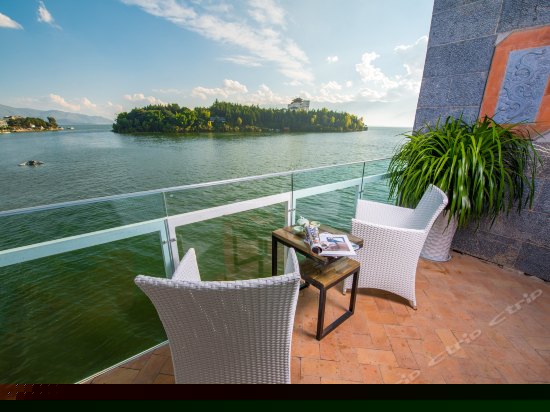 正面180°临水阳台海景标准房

---

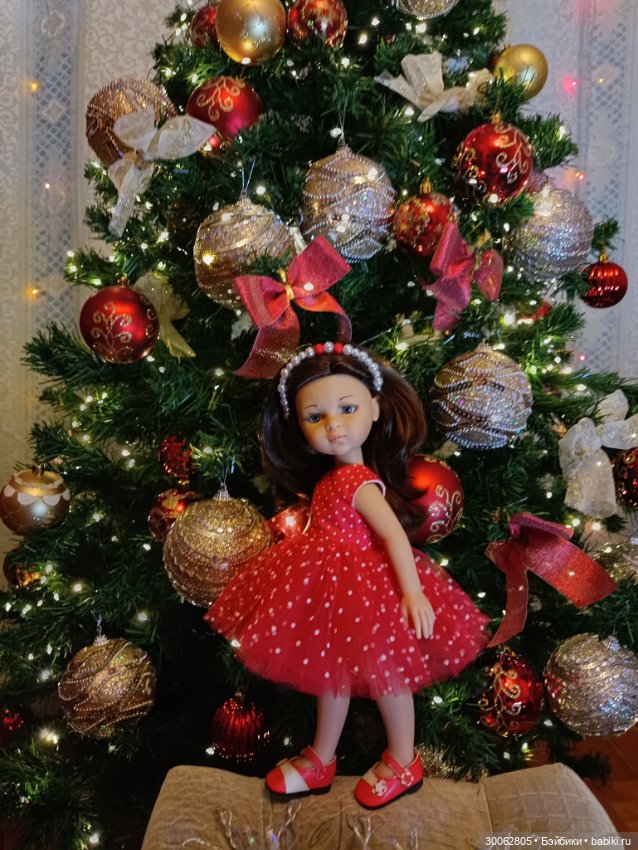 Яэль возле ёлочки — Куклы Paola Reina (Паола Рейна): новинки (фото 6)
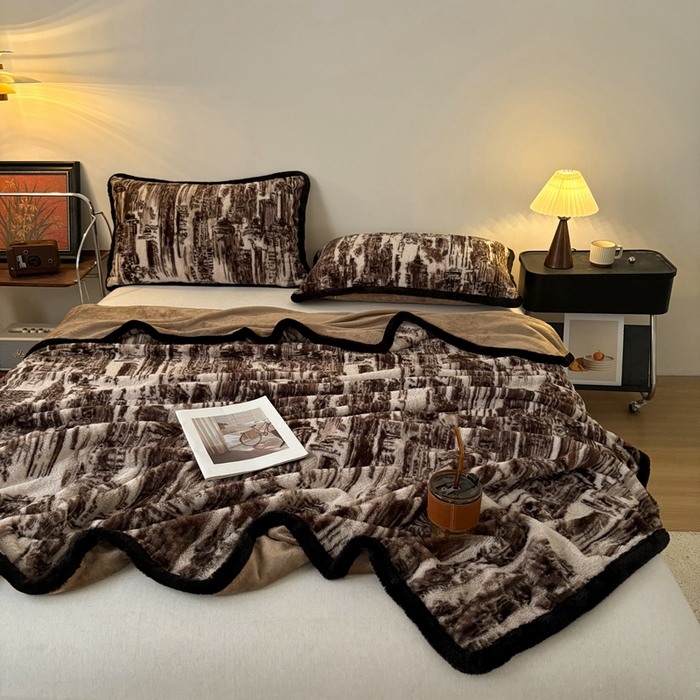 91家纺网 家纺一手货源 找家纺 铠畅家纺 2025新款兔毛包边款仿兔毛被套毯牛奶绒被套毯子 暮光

WHAT THE EXERCISE ASKS :: Only one stretch of the material above is wanted: the line containing "Яэль возле ёлочки" through the line containing "91家纺网 家纺一手货源 找家纺". Restate it word for word, minus the pictures.

RESPONSE ::
 Яэль возле ёлочки — Куклы Paola Reina (Паола Рейна): новинки (фото 6)
 91家纺网 家纺一手货源 找家纺 铠畅家纺 2025新款兔毛包边款仿兔毛被套毯牛奶绒被套毯子 暮光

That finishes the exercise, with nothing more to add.